In Focus: Basel Panel Asserts Authority On Laundering

WASHINGTON — A proposal issued by international supervisors last week put banks on notice that voluntary anti-money-laundering practices recently adopted by some large financial institutions have not inoculated the industry against tougher regulatory restrictions.

The Basel Committee on Banking Supervision’s 22-page “Customer Due Diligence for Banks” paper makes clear that the international regulatory community sees itself as the main bulwark separating the banking system and the world of dirty money.

“National supervisors are responsible for ensuring that banks have minimum standards and internal controls that allow them to adequately know their customers,” the proposal says. “Voluntary codes of conduct issued by industry organizations or associations are to be encouraged but they are not in themselves sufficient to ensure market integrity or sound risk management.”

To be sure, the proposed guidelines are generally consistent with previously issued statements by other regulatory bodies, such as the Federal Reserve Board and the Treasury Department. Among other things, the proposal calls for positive identification of account holders when a customer relationship is opened, ongoing monitoring of account activity for suspicious transactions, and special scrutiny of foreign political figures and their relatives.

But the fact that the guidelines were issued by the Basel Committee, which has usually left money laundering matters to international law enforcement groups such as the Financial Action Task Force, suggests that bank regulators plan to take a more active role. In fact, a press release accompanying the paper said it is expected to become “the benchmark for supervisors to establish national practices and for banks to design their own programs.”

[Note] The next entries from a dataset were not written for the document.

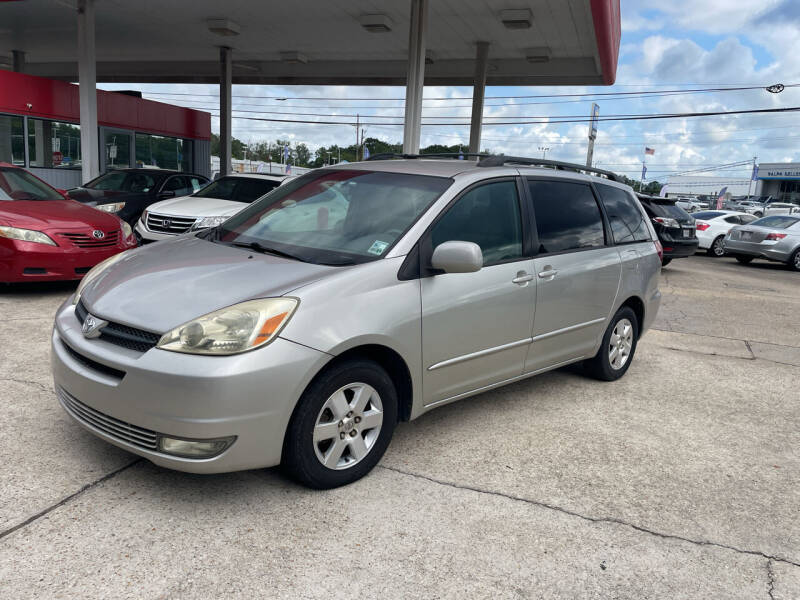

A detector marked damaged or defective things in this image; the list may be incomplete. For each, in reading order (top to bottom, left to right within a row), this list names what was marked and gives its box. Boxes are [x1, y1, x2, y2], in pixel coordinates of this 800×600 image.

asphalt crack [0, 462, 141, 540]
asphalt crack [380, 466, 800, 568]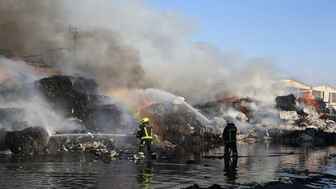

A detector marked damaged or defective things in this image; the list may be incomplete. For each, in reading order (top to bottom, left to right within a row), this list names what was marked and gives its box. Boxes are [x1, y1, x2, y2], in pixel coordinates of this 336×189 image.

charred material [4, 127, 49, 155]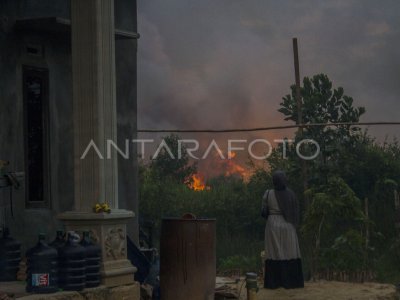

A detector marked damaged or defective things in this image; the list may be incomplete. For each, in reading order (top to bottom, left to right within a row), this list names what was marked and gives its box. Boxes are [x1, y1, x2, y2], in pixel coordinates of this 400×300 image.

rusty barrel [159, 216, 216, 300]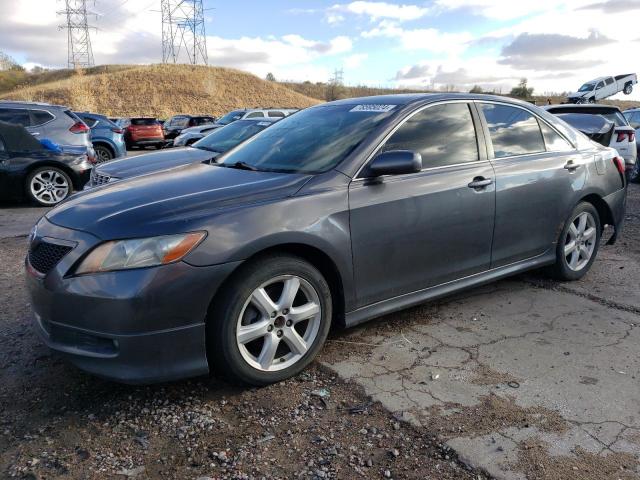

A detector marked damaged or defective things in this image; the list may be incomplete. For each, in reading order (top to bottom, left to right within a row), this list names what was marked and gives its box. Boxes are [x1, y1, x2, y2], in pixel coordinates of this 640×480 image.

damaged vehicle [25, 94, 624, 386]
cracked pavement [324, 185, 640, 480]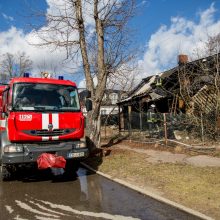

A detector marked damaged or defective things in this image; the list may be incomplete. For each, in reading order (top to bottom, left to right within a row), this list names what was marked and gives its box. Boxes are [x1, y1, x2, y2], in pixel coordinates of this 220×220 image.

burned house [117, 53, 220, 132]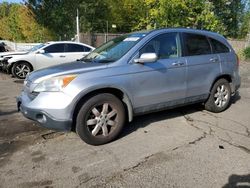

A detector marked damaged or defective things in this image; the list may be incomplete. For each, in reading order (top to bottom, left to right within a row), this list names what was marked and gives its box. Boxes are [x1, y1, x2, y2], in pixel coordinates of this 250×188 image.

“The fact that the Basel Committee has taken this step just adds to the growing recognition around the world of the importance of this issue,” said former Deputy Treasury Secretary Stuart E. Eizenstat, who oversaw the Clinton administration’s anti-money-laundering initiatives. “Anything like this, that adds further strength to the whole movement and greater sensitivity to the industry, is welcome,” said Mr. Eizenstat, who later this month will join the Woodrow Wilson International Center for Scholars as a public-policy scholar.

The proposal was released barely three months after the announcement of a pair of industry-driven efforts to stem money laundering.

In late October, a consortium of large international banks agreed to apply a set of voluntary guidelines, known as the Wolfsberg Principles, to their private banking operations. The same day, trade groups joined with bank regulators and law enforcement agencies to release the first in an ongoing series of reviews of the Suspicious Activity Reports that financial services firms must file when money laundering is suspected.

“There has been a push in the industry to develop standards that will take some of the heat off,” said Satish M. Kini, a partner in Washington with the law firm Wilmer, Cutler & Pickering. “But there is a clear signal here that self-policing, while encouraged, is not the end of the road. That does come through loud and clear.”

Some argue that any hope that regulators would back off on money laundering was misplaced from the outset.

“You are not going to see the regulators abdicate the field to private initiatives,” said Oliver Ireland, former associate general counsel at the Federal Reserve Board and now an attorney with Morrison & Foerster in Washington.

“It is unrealistic to expect the regulators to ignore the issue, so you have to ask what are they going to do,” he said. “They can either endorse private-sector guidance or they can put out their own. As a regulator, there are some difficulties endorsing private-sector guidance.”

Part of the problem, Mr. Ireland said, is that regulators need to promulgate rules that apply to a broad spectrum of institutions, whereas the Wolfsberg Principles, for example, are applicable only to large private banking operations.

In the end, he said, regulators may still come up with guidelines that look very much like the industry effort. But hopes that they will sit back and let banks police themselves have virtually disappeared.